Expanded legalized gambling will appear on the November ballot in Nebraska, the state Supreme Court ruled Thursday.
The court’s 4-3 ruling threw out an August ruling by Secretary of State Bob Evnen (R), which kept three gambling initiatives off the ballot, the Sioux City Journal reported.
Ho-Chunk Inc., the economic development arm of Nebraska’s Winnebago Tribe, spent millions lobbying for the initiative. The three measures include one that would amend the state constitution to allow casino gambling and two more creating taxes and regulations around it.
Evnen blocked the gambling initiative on the grounds that they could potentially confuse voters.
"The petitions do not contain a single issue. They are required to contain a single issue," Evnen said in August, according to an Omaha-area ABC affiliate. "I consider the fact that isn't disclosed to be misleading. Voters would be confused.”
Evnen also cited the fact that one petition sets aside money for property tax relief.
"That has no connection to the expansion of gambling and the fact that you divided it into another initiative doesn't save it," he said.

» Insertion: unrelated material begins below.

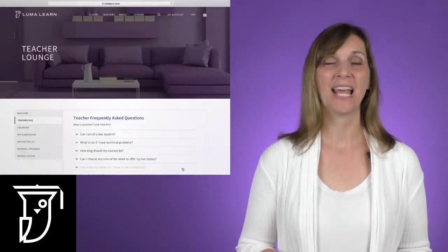Hi, I'm Tina and welcome to LumaLearn. We're thrilled that you decided to sign up for a free account. Now that you're on the teacher's lounge, I want to help navigate you around a little bit.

Separately, the court voted to keep a medical marijuana initiative off the November ballot, with two justices dissenting, according to a local NBC affiliate.
"If voters are to intelligently adopt a State policy with regard to medicinal cannabis use, they must first be allowed to decide that issue alone, unencumbered by other subjects," the court wrote. "As proposed, the NMCCA contains more than one subject — by our count, it contains at least eight subjects."